Russia yesterday said that a Swiss-hosted conference on the Ukraine war had produced negligible results and showed the futility of holding talks without Moscow.
The Kremlin was commenting on a weekend summit where Western powers and their allies denounced Russia’s invasion of Ukraine, but failed to persuade major nonaligned states to join their final statement.
Kremlin spokesman Dmitry Peskov said the results of the meeting, to which Russia was not invited, were “close to zero.”
Photo: Reuters
At a daily news briefing with reporters, Peskov was asked if the fact that nations such as Hungary, Serbia and Turkey had taken part in the meeting and signed the statement would spoil Russia’s relations with them.
“No, it won’t spoil them. We will, of course, take into account the position that these countries have taken.
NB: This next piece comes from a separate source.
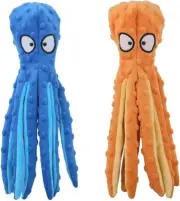 Dog Squeaky Toys Octopus - No Stuffing Crinkle Plush Dog Toys for Puppy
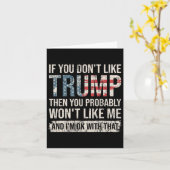 トランプが嫌いなら、あなたは私も嫌いだろう カード (黄色い花)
This is important to us and we will continue to explain our reasoning to them,” Peskov said.
“Many of them, and this was a common point of view on this event, confirmed their understanding of the absence of prospects for any serious, substantive discussions without the presence of our country... If we talk about the overall effectiveness of this meeting, it is close to zero,” he said.
Russian President Vladimir Putin last week said that Russia was willing to end the war, but he set out conditions for Ukraine — renouncing its NATO ambitions and withdrawing troops from four regions claimed by Russia — that Kyiv rejected as tantamount to capitulation.
“Of course we ... understand perfectly that a time will come when it will be necessary to talk to Russia, but our position is very clear: We will not allow Russia to speak in the language of ultimatums like it is speaking now,” Ukrainian Minister of Foreign Affairs Dmytro Kuleba said.
Peskov said that what he called Putin’s peace initiative remained on the agenda, and reaffirmed Moscow’s position that it was open to dialogue.
State news agency TASS quoted Russian Foreign Intelligence Service Director Sergei Naryshkin as saying that if Putin’s conditions were rejected, they would be replaced by new and tougher terms.
Well into the war’s third year, Russia controls nearly one-fifth of Ukraine and has advanced gradually on several fronts since February.
More than 90 nations attended the two-day talks in Switzerland, but a decision by China to stay away all but assured that the summit would fail to achieve Ukraine’s goal of persuading major nations from the global south to join in isolating Russia.
The summit’s final declaration called for Ukraine’s control over the Zaporizhzhia nuclear power plant and its Azov Sea ports to be restored, but in line with the conference’s more modest stated aims, it omitted tougher issues of what a post-war settlement for Ukraine might look like, whether Ukraine could join NATO or how troop withdrawals by both sides might work.